Bhopal: Indira Gandhi Rashtriya Manav Sangrahalaya (IGRMS) has portrayed Warli House, a symbol of protective living of Warli tribe on its official website and social media pages with basic information and photographs and videos.
It is part of its 33rd online exhibition, which began from Thursday. The house of the Warli tribe has been installed at open air exhibition gallery. The tribe lives in Dahanu, Talsari, Jawahar, Palghar and Mokhada talukas of Thane district, some parts of Nashik and Dhule districts of Maharashtra. They are spread up to Valsad districts of Gujarat and union territories of Dadra, Nagar Haveli.
Museum director Praveen Kumar Mishra said Warli is derived from the word warul means piece of land Warlis are mostly agriculturists. Fishing and poultry farming are their secondary occupation. The Warli customs and traditions are weaved around nature.
The house consists of a simple earthen foundation and is square in shape. Before construction, rituals are performed to ward off evil elements followed by special worship.
Warli houses are built with plastered mud walls made of karvi and supple bamboo. The floor of the house is plastered with cow dung. Mud is used for plinth, flooring and grinding. They commonly use palm leaves and paddy straw for thatching which keeps the houses considerably cool during summer. The roof never leaks in spite of heavy monsoon.

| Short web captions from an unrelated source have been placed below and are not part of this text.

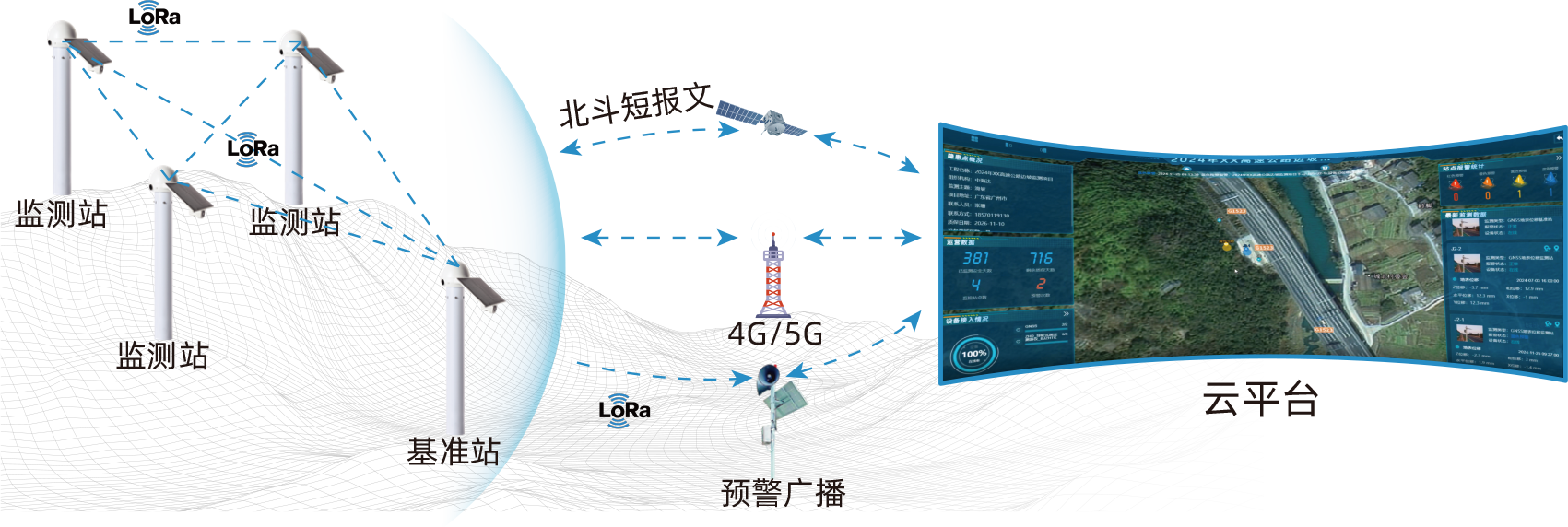 南宫NG28MS200北斗监测站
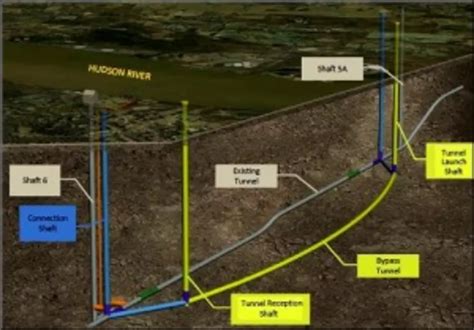 Catskill, Delaware Aqueducts to be Combined to Better Serve NYC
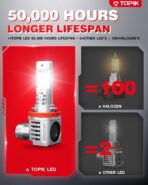 TOPIK T26 H9/H8/H11 LED Bulbs for Car Light and Powersports Lights, 𝟑𝟔,𝟎𝟎𝟎𝐋𝐌 Super Bright 6500K White Light, Plug and Play, 2 Pack - Image 6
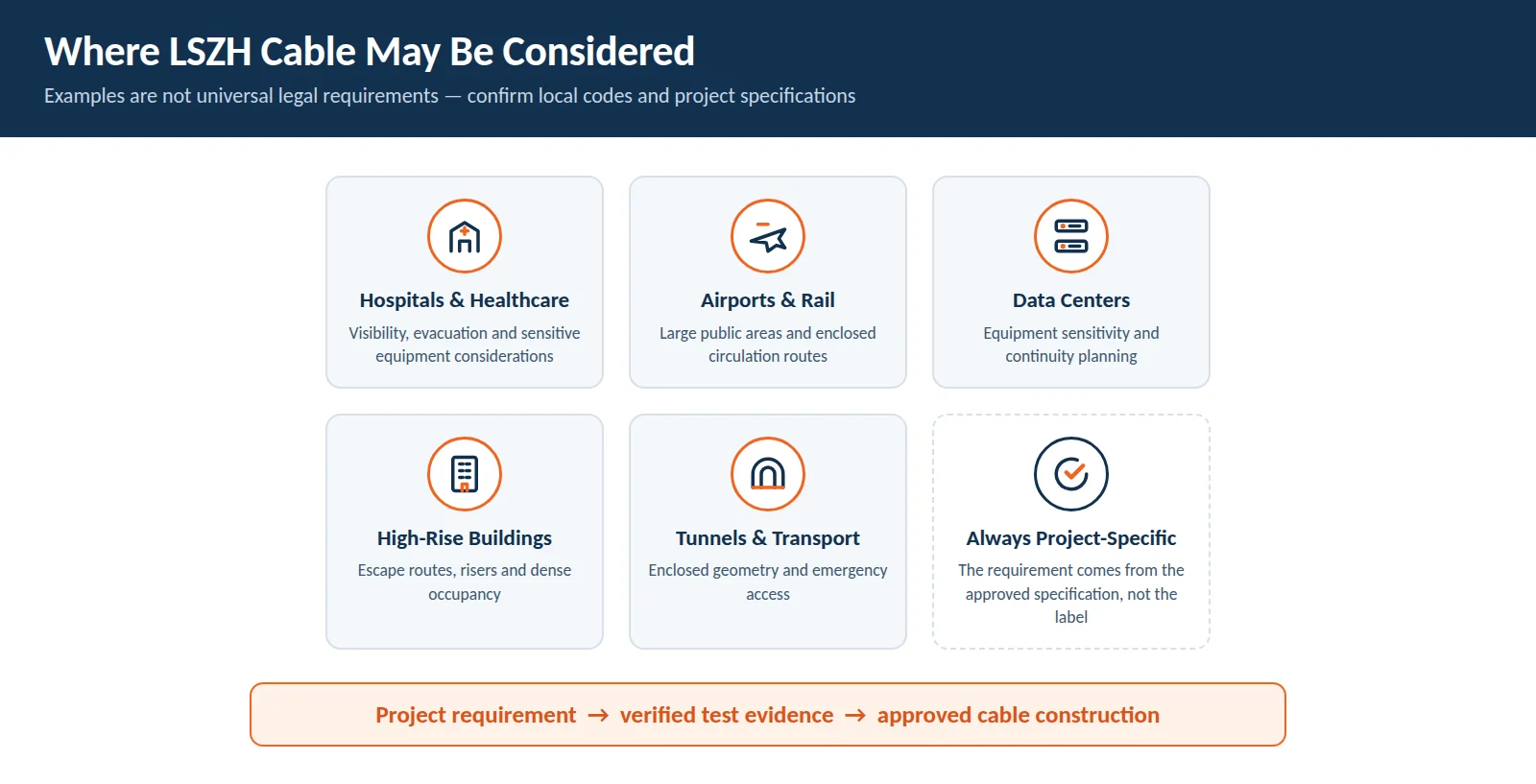 Diagram of environments where LSZH cable may be considered: hospitals and healthcare, airports and rail, data centers, high-rise buildings and tunnels, with a note that the requirement always comes from the approved project specification.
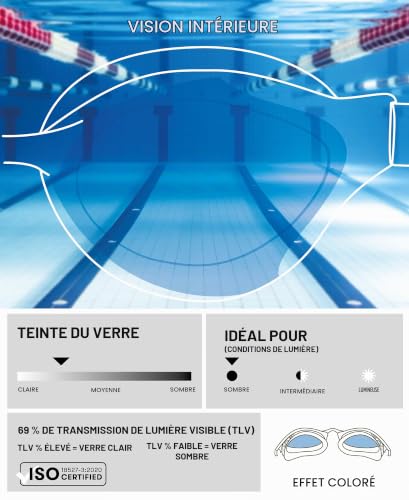 Lunettes de natation Arena AirSpeed - vue 6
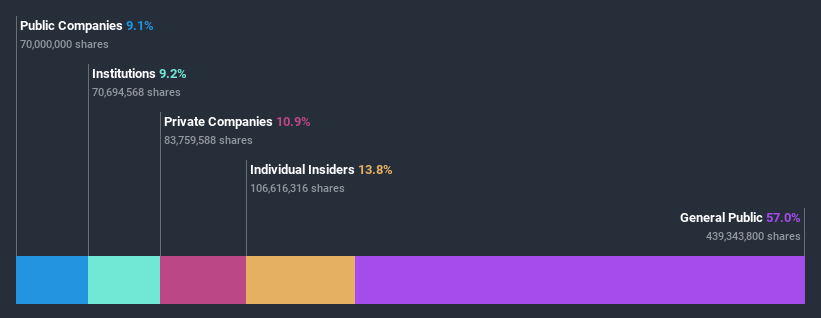 ownership-breakdown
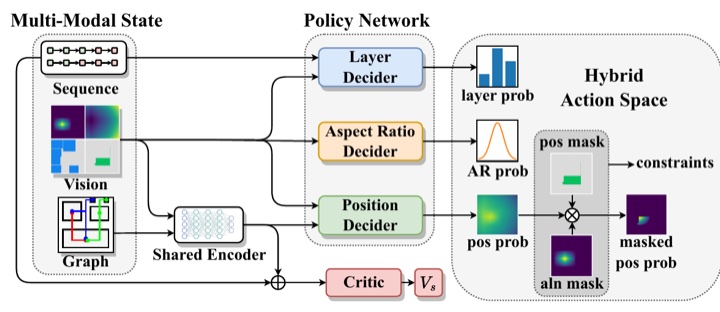 Pipeline figure of FlexPlanner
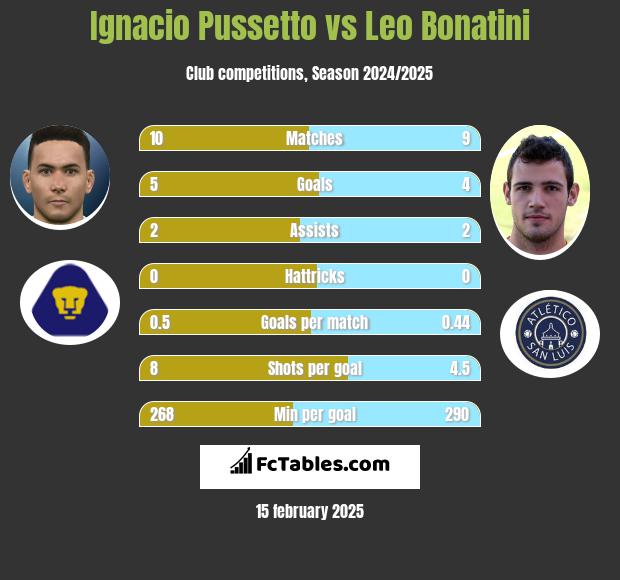 Ignacio Pussetto vs Leo Bonatini h2h player stats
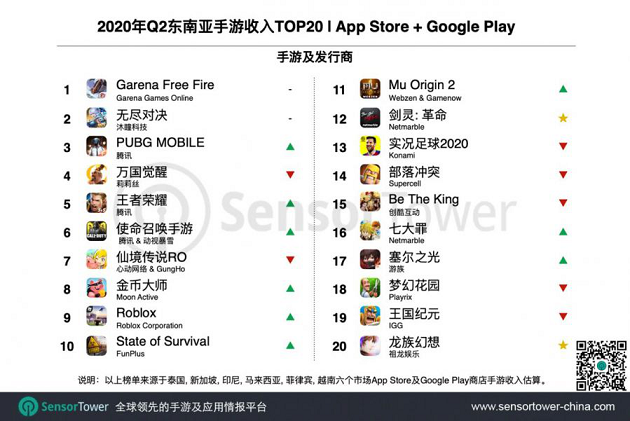 東南(nán)亞手遊Q2總收入突破6億美元，PUBG MOBILE收入同比增幅分(fēn)别爲66%5.png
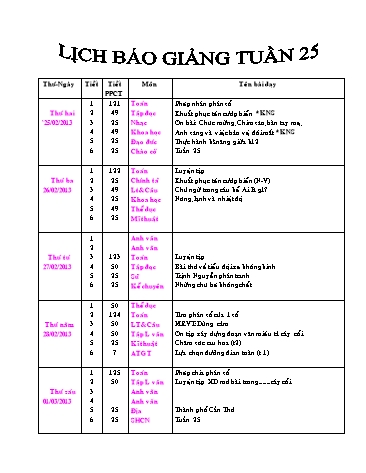 Giáo án tổng hợp các môn học Lớp 4 - Tuần 25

According to Mishra, the houses are not just a shelter but a symbol of protective living. A central wooden pillar symbolises the eternal connection of the sun and the earth. It is also associated with a belief in the formation of a family. On the top, there is an attic used for storage. Houses are mostly east facing. As they keep animals inside the house for good care, there is an additional door, but there is no window. During the sowing season, rain deities Naran Dev, Himai Devi and Hirva, the domestic god, are worshipped.
Museum assistant keeper Sudeepa Roy said Warli tribe is famous for painting and holds a special place in Indian art. Their lifestyle, culture, agricultural activities like sowing and reaping and celebrations are kept alive in the form of Warli painting. Most famous and unique form of Warli painting is chouk: all the married women of the family called Suhasinis make the chouk painting, essentially consisting of Palgahat Devi- the Goddess of fertility.
On weddings, married women prepare white paste for this purpose by grinding the rice. The wall is made fine and smooth with cow dung over which geru (red mud) is smeared. After smearing square is made. Without painting, the wedding cannot take place. The chouk is made in the houses of bride and groom.